How do you feel being nominated?
It is a great honour for me, but also to the people who work with me. I have already received many congratulations and support and what is really important to me is that it starts to work out as an example. Other women scientists are calling me and asking how to progress in asimilar direction like I did. This is encouraging.
What would it mean to you to win a prize?
As I mentioned this prize is important not only for me, but also for all the women in my region: Central-Eastern Europe. We do not have any recent biotech success stories, but we need that success to let people believe that it is possible. We have very smart scientists, but we need to encourage them to do big things, to change the world globally and the best way to do so it is to let them believe they may succeed.
This prize would have one more meaning for me. We are currently in Poland a step before withdrawal of Istanbul Convention what will be a major step backwards in the protection of women`s rights and protection of women against violence in Poland and Europe. This prize shows that women matter.
You were involved in COST Action Mye-EUNITER. What was your experience of that and how do you think it has helped you in your career?
I must say, that without COST it would have never have happened!
First of all, being involved in my first COST Action CM1106 “Chemical Approaches to Targeting Drug Resistance in Cancer Stem Cells” I met Prof. Alberto Boffi from Sapienza University of Rome. He worked with ferritin, I worked with macrophages. So, Alberto Boffi, Tomasz Rygiel and I, we have joined our expertise and invented MDC. We have discovered TRAIN, we have filed several patents together and we have created Cellis. Thanks to this cooperation I have received two ERC grants!

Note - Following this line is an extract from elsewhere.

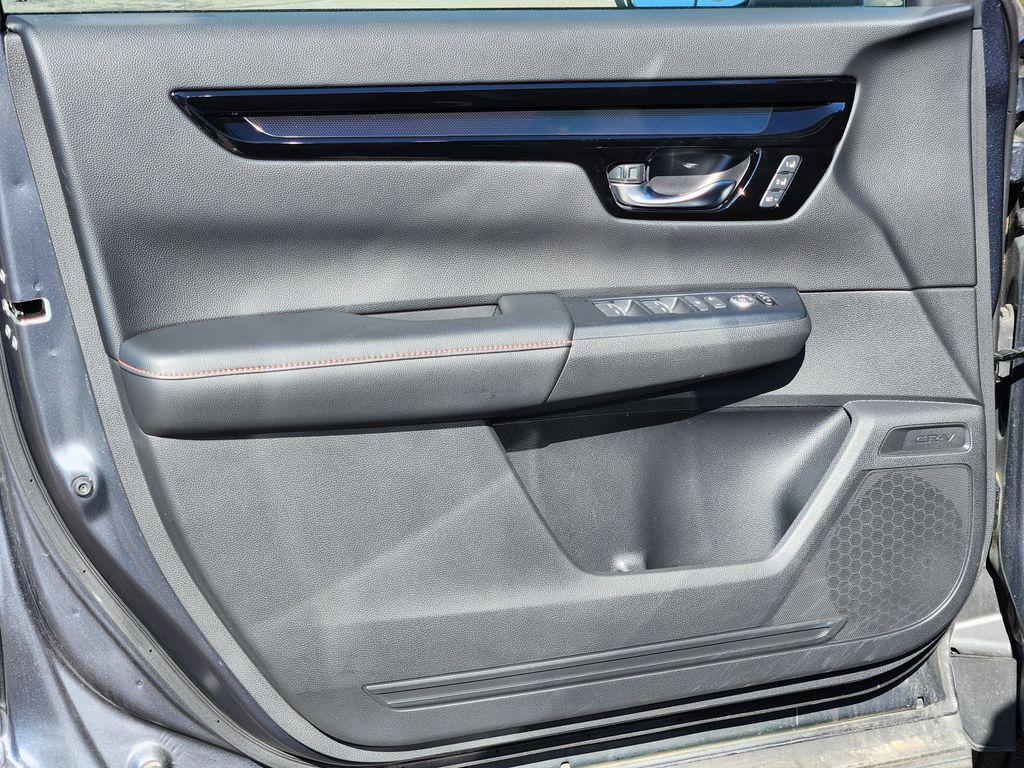 used 2024 Honda CR-V Hybrid car, priced at $36,500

The next important experience was my participation to COST Action BM1404 Mye-EUNITER “European Network of Investigators Triggering Exploratory Research on Myeloid Regulatory Cells”. It gave me opportunity to cooperate with the best European scientists in this field. As a result, we transferred technology of macrophage generation from iPSCs cells from Edinburgh to Warsaw. People from my lab completed scientific internships (STSM) in Edinburgh and Brussels. Three scientists involved in Mye-EUNITER became members of the Scientific Advisory Board of Cellis and helped to develop the company.
In my opinion COST is a really great initiative and I encourage scientists in Poland to participate to various COST Actions. I was personally involved in 6 different actions. It is a great idea to put different people together and let their brains to “boil”. All that exchange of experience and ideas during a few days when these people are together is very inspiring and motivating. It is also very important for the development of the career of young scientists – they may visit different labs using STSM program.